### WORK INSTRUCTION
Could the entries below be reproduced exactly, with the images removed?

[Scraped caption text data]
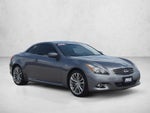 2015 INFINITI Q60 Convertible RWD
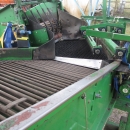 4164 Juko 1 row trailed potato harvester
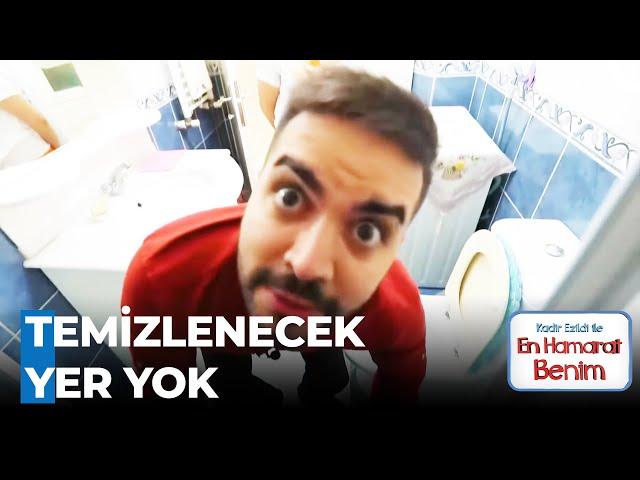 Yok Böyle Temizlik! - En Hamarat Benim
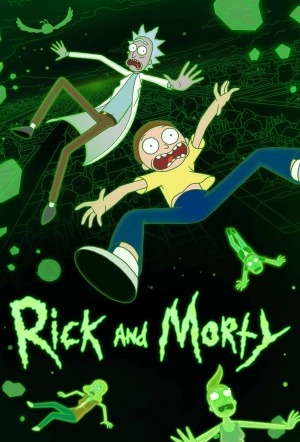 مسلسل Rick and Morty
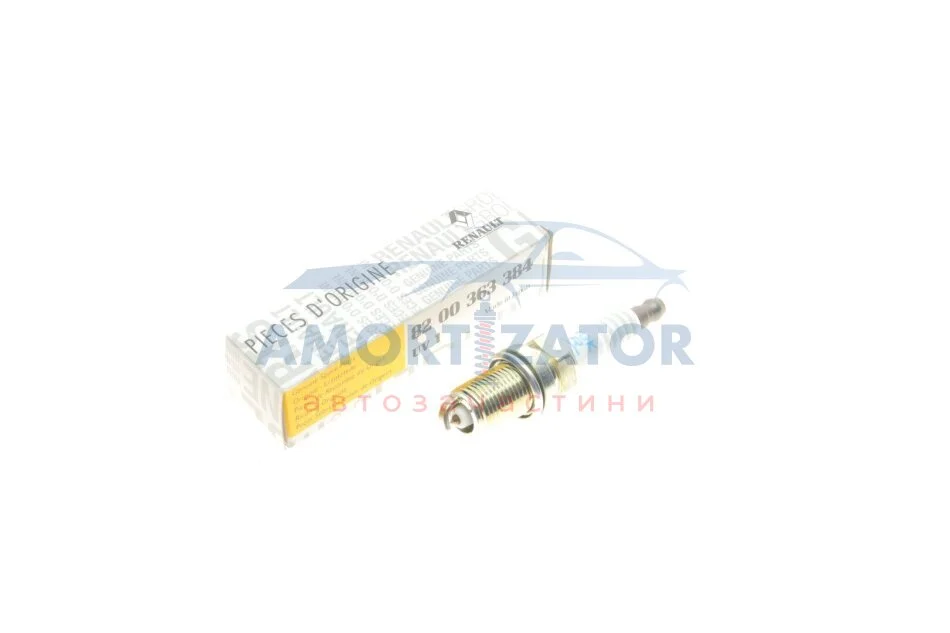 Свеча зажигания RENAULT 8200363384 (фото 1)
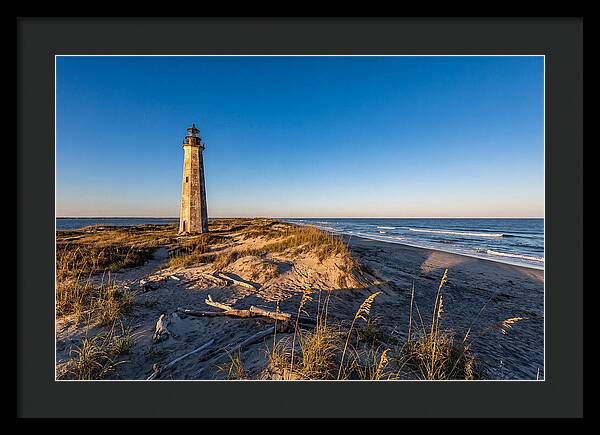 Currituck Lighthouse Under Twilight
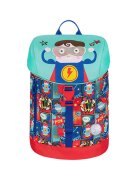Tiger Family Rucsac mini Smart Kids Superduper Man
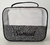 Kit Necessaires Personalizado G, M e P Mescla Cinza - Jaque Barros -  Bolsas e Acessórios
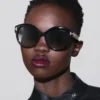 Lunettes de soleil rondes Icon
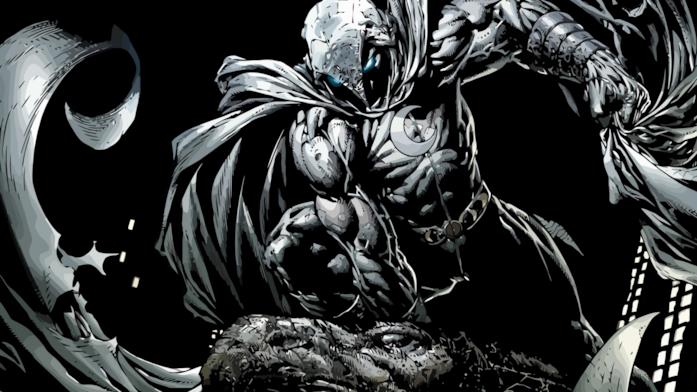 Un team-up con Moon Knight potrebbe essere una soluzione Moon Knight nei fumetti Marvel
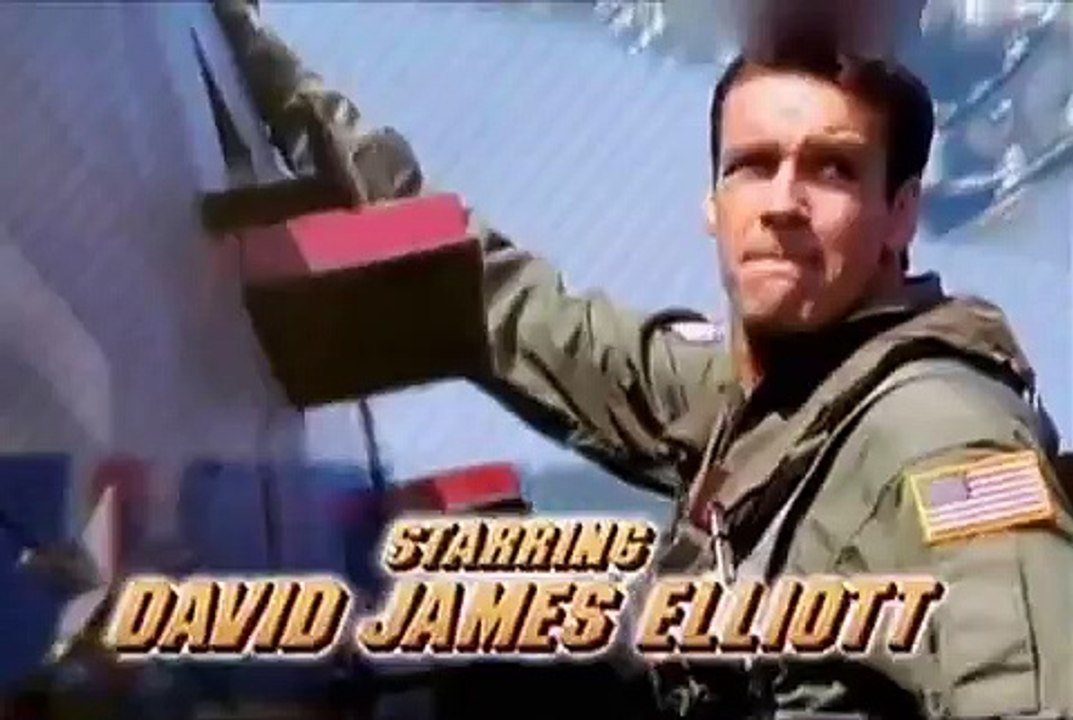 JAG Becsületbeli ügyek 5.évad intro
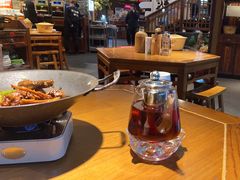 -李久其家民间餐厅(观沙岭公园店)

### EXPECTED OUTPUT
 2015 INFINITI Q60 Convertible RWD
 4164 Juko 1 row trailed potato harvester
 Yok Böyle Temizlik! - En Hamarat Benim
 مسلسل Rick and Morty
 Свеча зажигания RENAULT 8200363384 (фото 1)
 Currituck Lighthouse Under Twilight
Tiger Family Rucsac mini Smart Kids Superduper Man
 Kit Necessaires Personalizado G, M e P Mescla Cinza - Jaque Barros -  Bolsas e Acessórios
 Lunettes de soleil rondes Icon
 Un team-up con Moon Knight potrebbe essere una soluzione Moon Knight nei fumetti Marvel
 JAG Becsületbeli ügyek 5.évad intro
 -李久其家民间餐厅(观沙岭公园店)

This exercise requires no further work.